PROBLEM TO SOLVE –
Transcribe all the data below exactly, leaving its pictures out.

GIVEN RECORDS –
[Start of section]

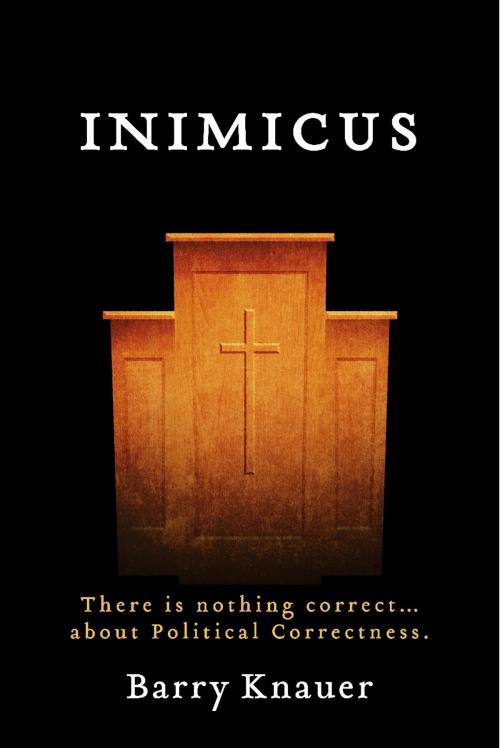 Cover of the book Inimicus by Barry Knauer, BookBaby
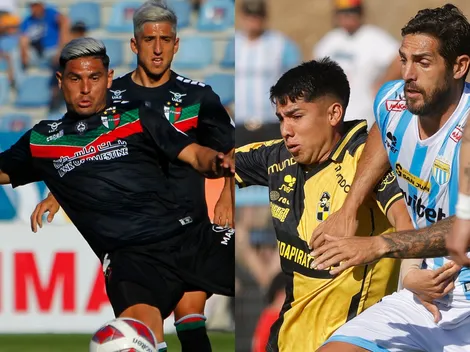 Finaliza el Campeonato Nacional 2023: Se definieron todos los clasificados a copas y el descenso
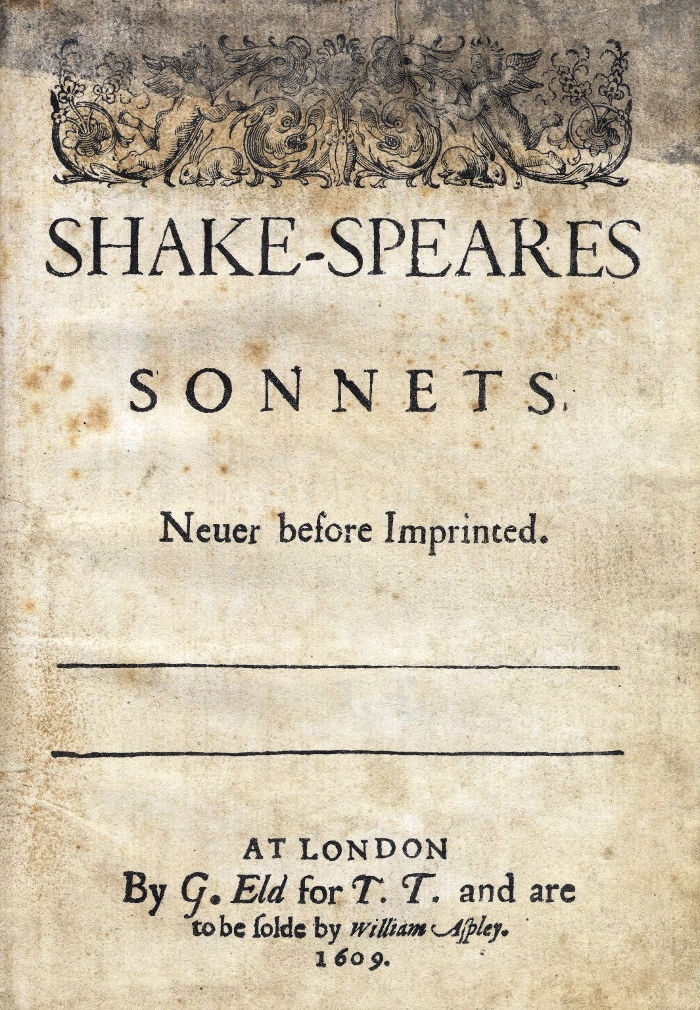 Shakespeare, William - Sonetos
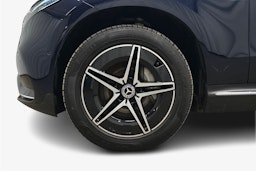 met. sininen Mercedes-Benz EQC 2021 kuva 11.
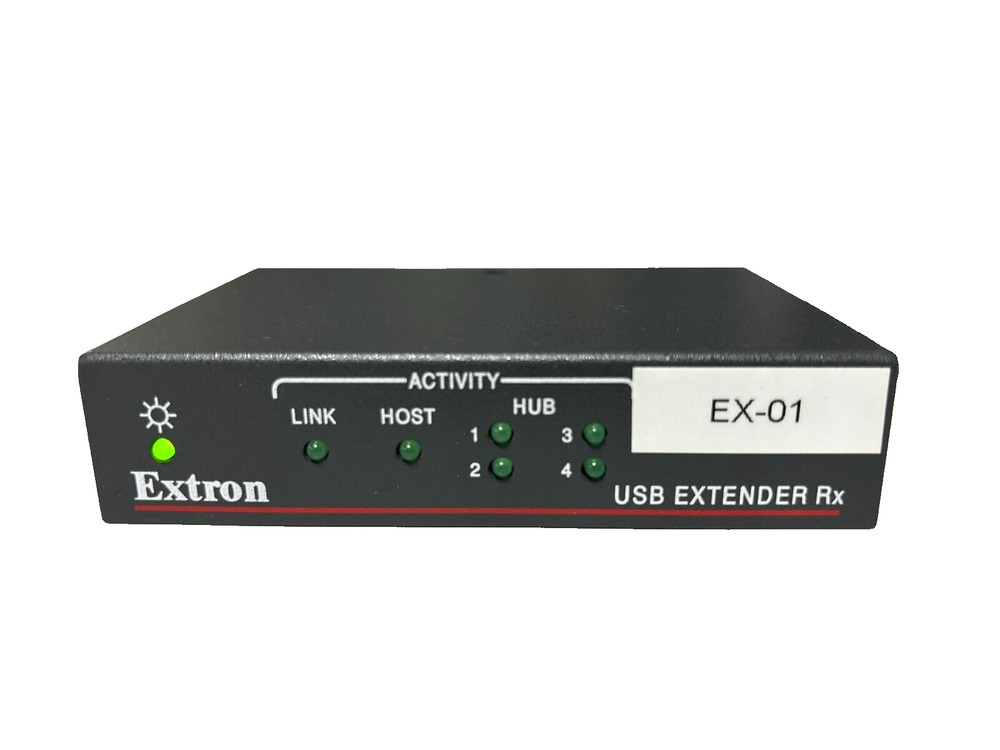 Extron USB Extender Rx with Power Supply
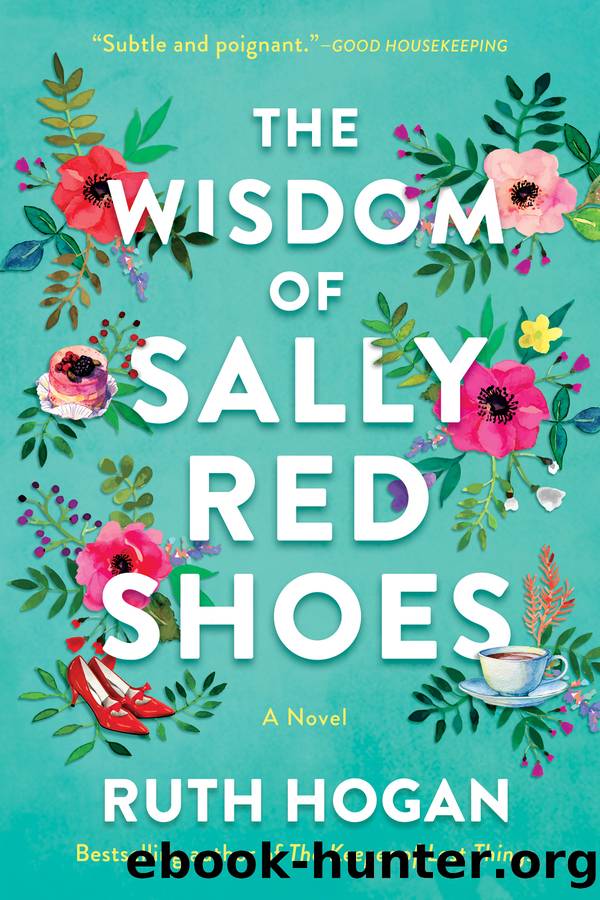 The Wisdom of Sally Red Shoes_A Novel by Ruth Hogan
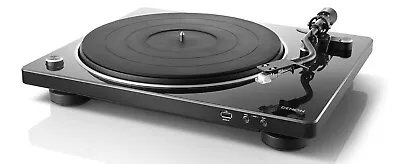 Denon DP450USB DP-450USB Turntable With USB New From Japan Import NEW • $557.80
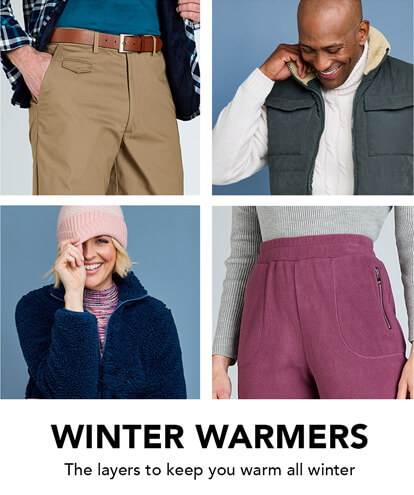 Winter Warmers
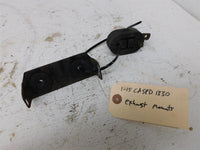 2015 Can - Am Spyder RTS 1330 Exhaust Mounting Brackets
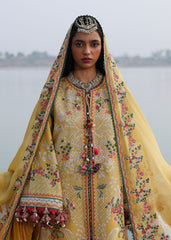 REPLICA - HUSSAIN REHAR - OCHRE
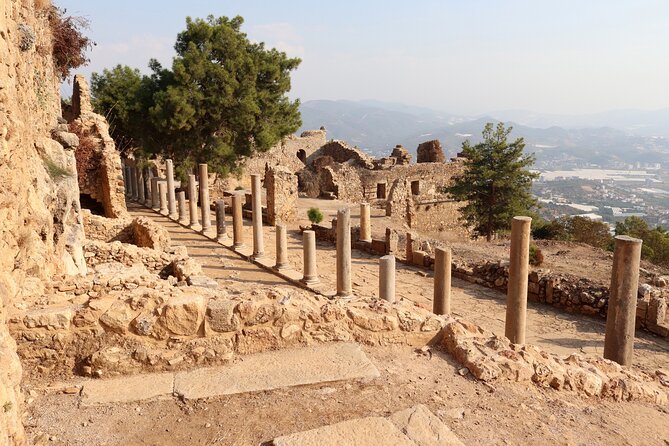 Alanya: Syedra Iotape Lie Cave and Antiochia Cragum Tour - What a guided route adds (and why it matters)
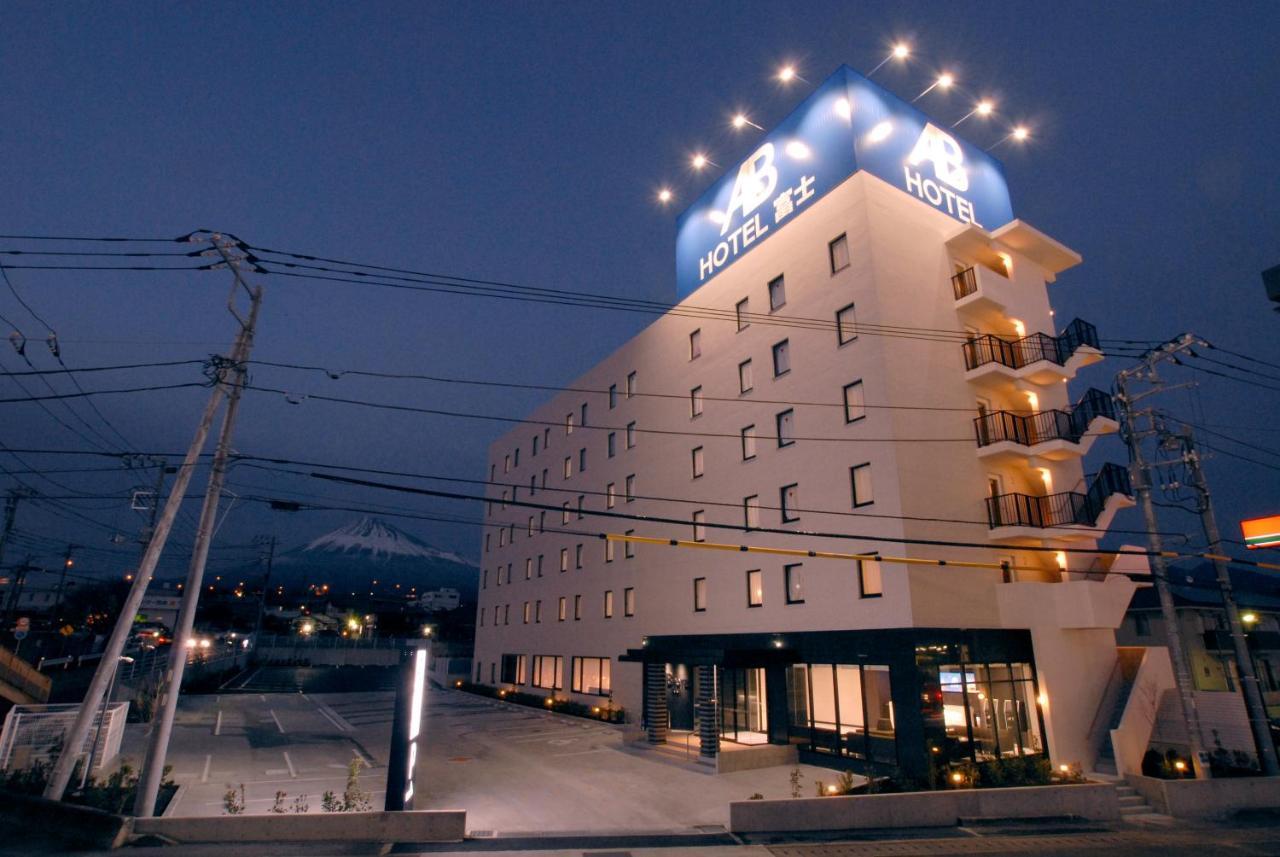 Ab Hotel Fuji Fuji  Exterior photo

[End of section]

WRITTEN ANSWER –
 Cover of the book Inimicus by Barry Knauer, BookBaby
 Finaliza el Campeonato Nacional 2023: Se definieron todos los clasificados a copas y el descenso
 Shakespeare, William - Sonetos
 met. sininen Mercedes-Benz EQC 2021 kuva 11.
 Extron USB Extender Rx with Power Supply
 The Wisdom of Sally Red Shoes_A Novel by Ruth Hogan
 Denon DP450USB DP-450USB Turntable With USB New From Japan Import NEW • $557.80
 Winter Warmers
 2015 Can - Am Spyder RTS 1330 Exhaust Mounting Brackets
 REPLICA - HUSSAIN REHAR - OCHRE
 Alanya: Syedra Iotape Lie Cave and Antiochia Cragum Tour - What a guided route adds (and why it matters)
 Ab Hotel Fuji Fuji  Exterior photo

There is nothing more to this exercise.